Barbara Marx Hubbard, whose book, Conscious Evolution, is one of the seminal works in the modern movement of evolutionary spirituality, also describes an integrated evolution towards greater unity reminiscent of the earlier works of Peirce, James and Dewey. Her vision of our evolutionary future involves a global merging of individual human beings into a greater societal whole. In her book she writes:
We see the earth herself as a whole system. We are being integrated into one interactive, interfeeling body by the same force of evolution that drew atom to atom and cell to cell. Every tendency in us toward greater wholeness, unity and connectedness is reinforced by nature’s tendency toward holism. Integration is inherent in the process of evolution.
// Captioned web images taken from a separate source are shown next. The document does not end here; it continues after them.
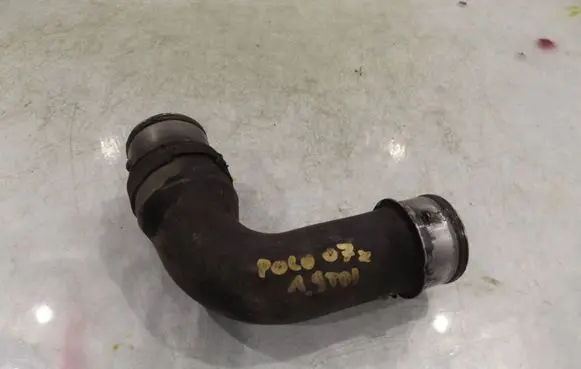 Volkswagen Polo IV 9N3 Coolant pipe/hose 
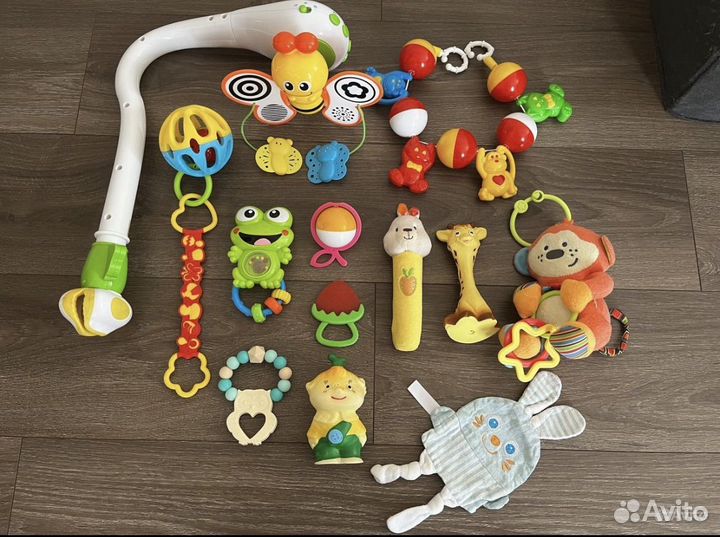 Детские развивающие игрушки пакетом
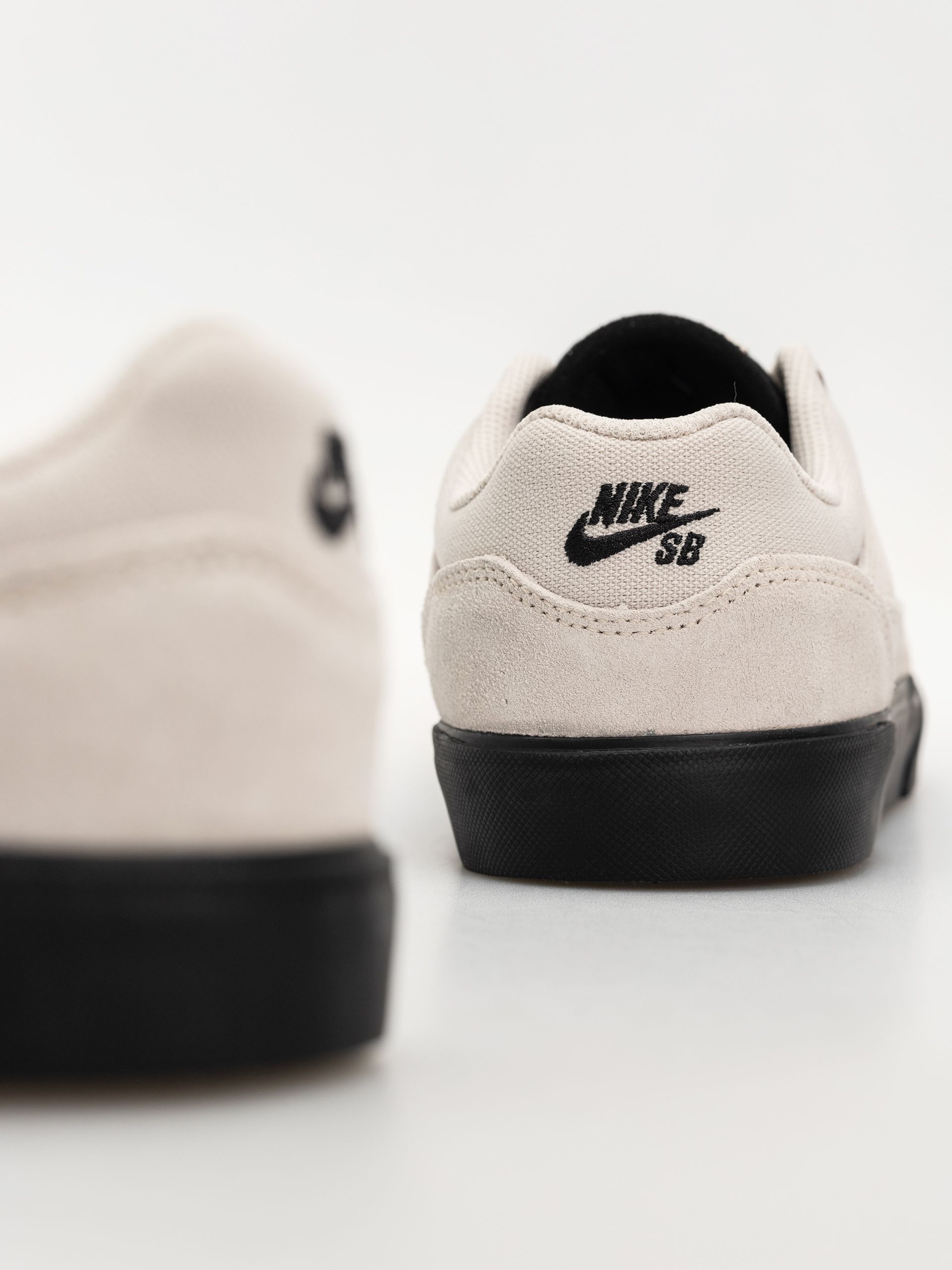 Nike SB Malor Schuhe (lt orewood brn/team red black)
If we examine the writings of other modern leaders in the evolutionary spirituality movement we will find many elements of classical American philosophy that have found new expressions. Why is it that the tradition of American Philosophy appears to garner so little recognition from those inspired by these ideas? One reason might be that the very utilitarian streak that characterizes American Philosophy also makes most Americans disinterested in philosophical history. I believe another reason for this lack of recognition has to do with the cultural shifts that removed Pragmatism from the public eye in the middle decades of the twentieth century. After this dormant period, the philosophy of Pragmatism began to resurface in academic circles in the 1980s and it seems that the progressive mood that led to this resurgence of academic interest in Pragmatism might also be generating the surge of popular interest in evolutionary spirituality today.